■ What this task involves: Because the images are not wanted, restate every line below word for word without them.

■ Data segment:

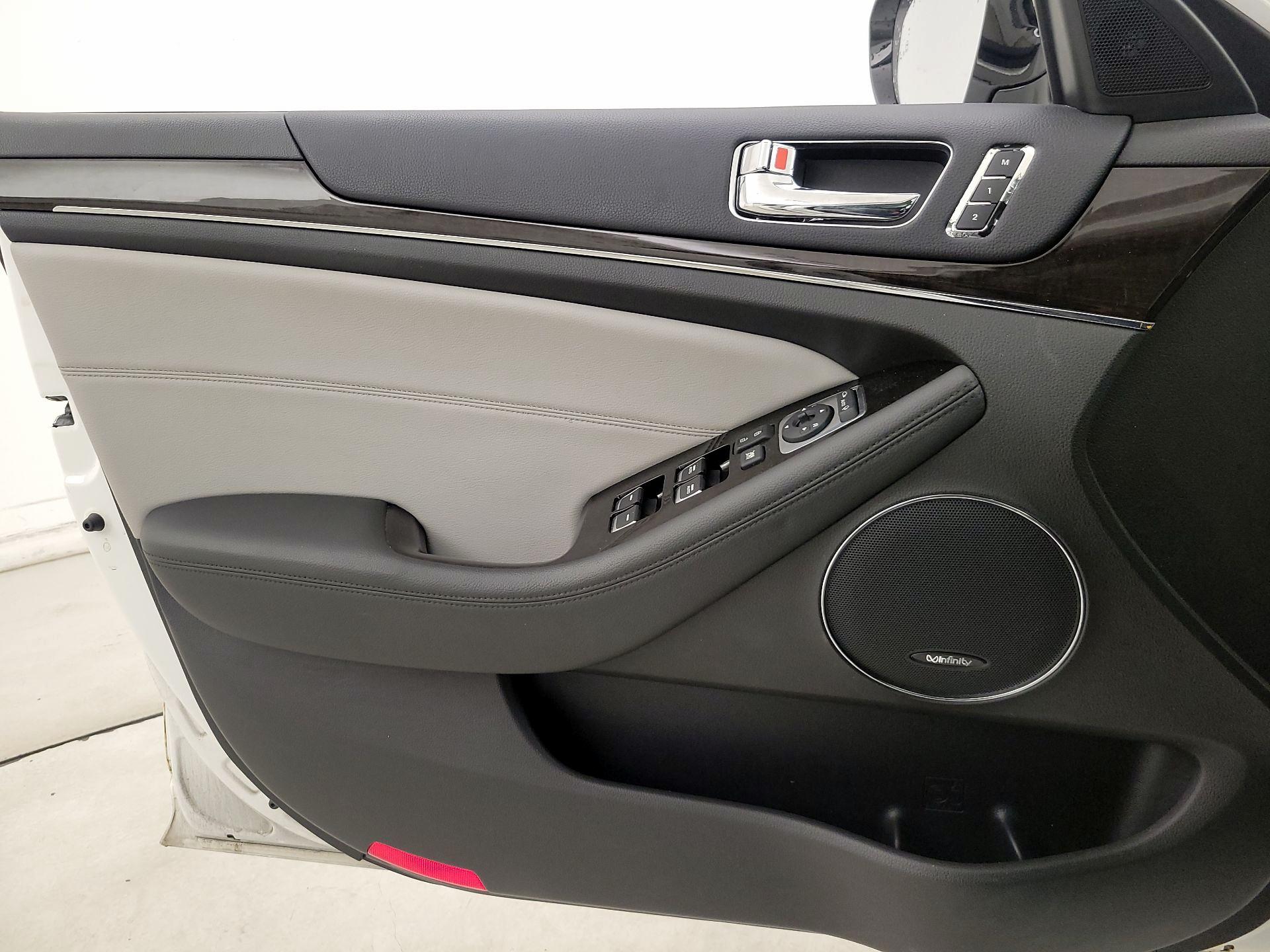 Thumbnail: 2015 Kia Cadenza - 12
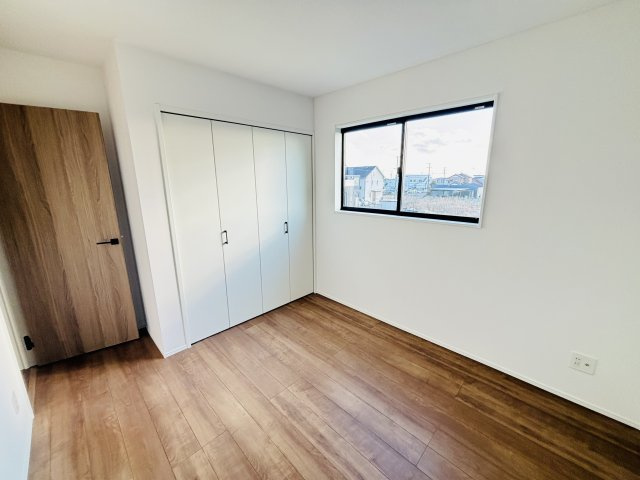 GRAFARE高浜市神明町2期｜名古屋市の戸建ならホームアップの洋室|全室収納付き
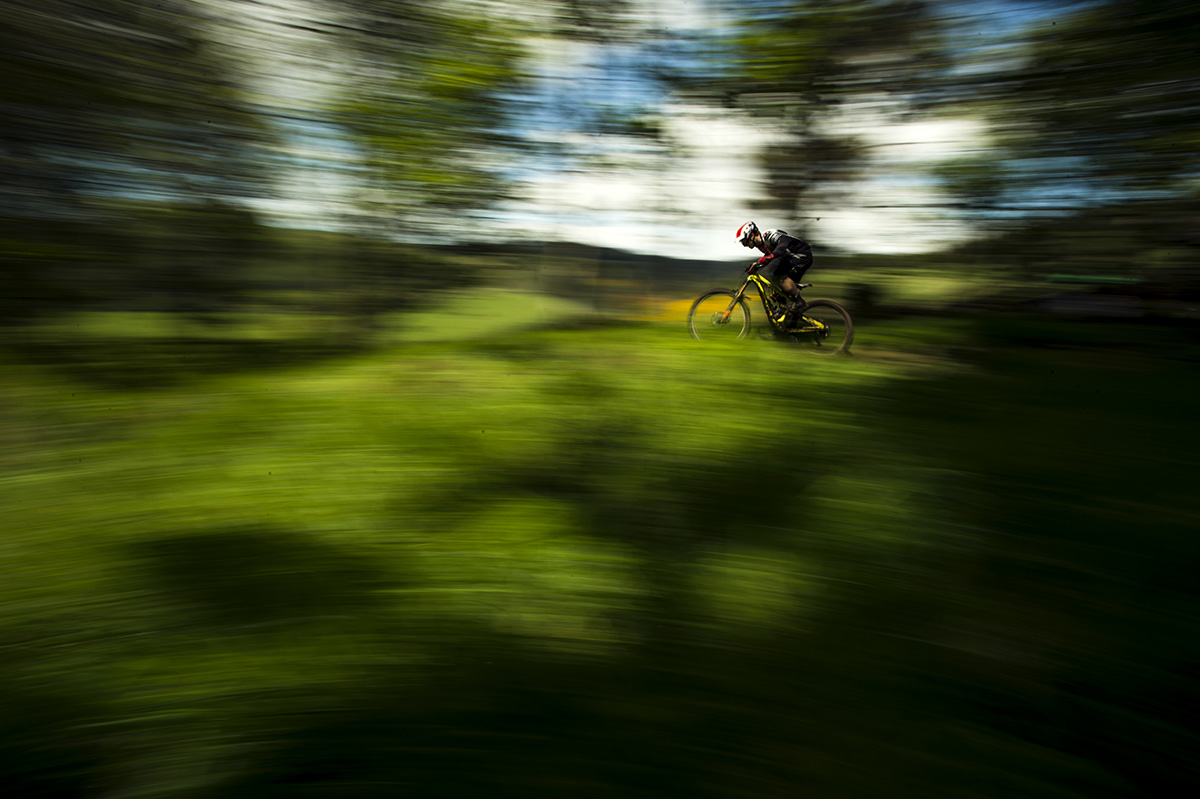 SN_Singletrack_Tweedlove_Sun25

■ Reply:
 Thumbnail: 2015 Kia Cadenza - 12
 GRAFARE高浜市神明町2期｜名古屋市の戸建ならホームアップの洋室|全室収納付き
 SN_Singletrack_Tweedlove_Sun25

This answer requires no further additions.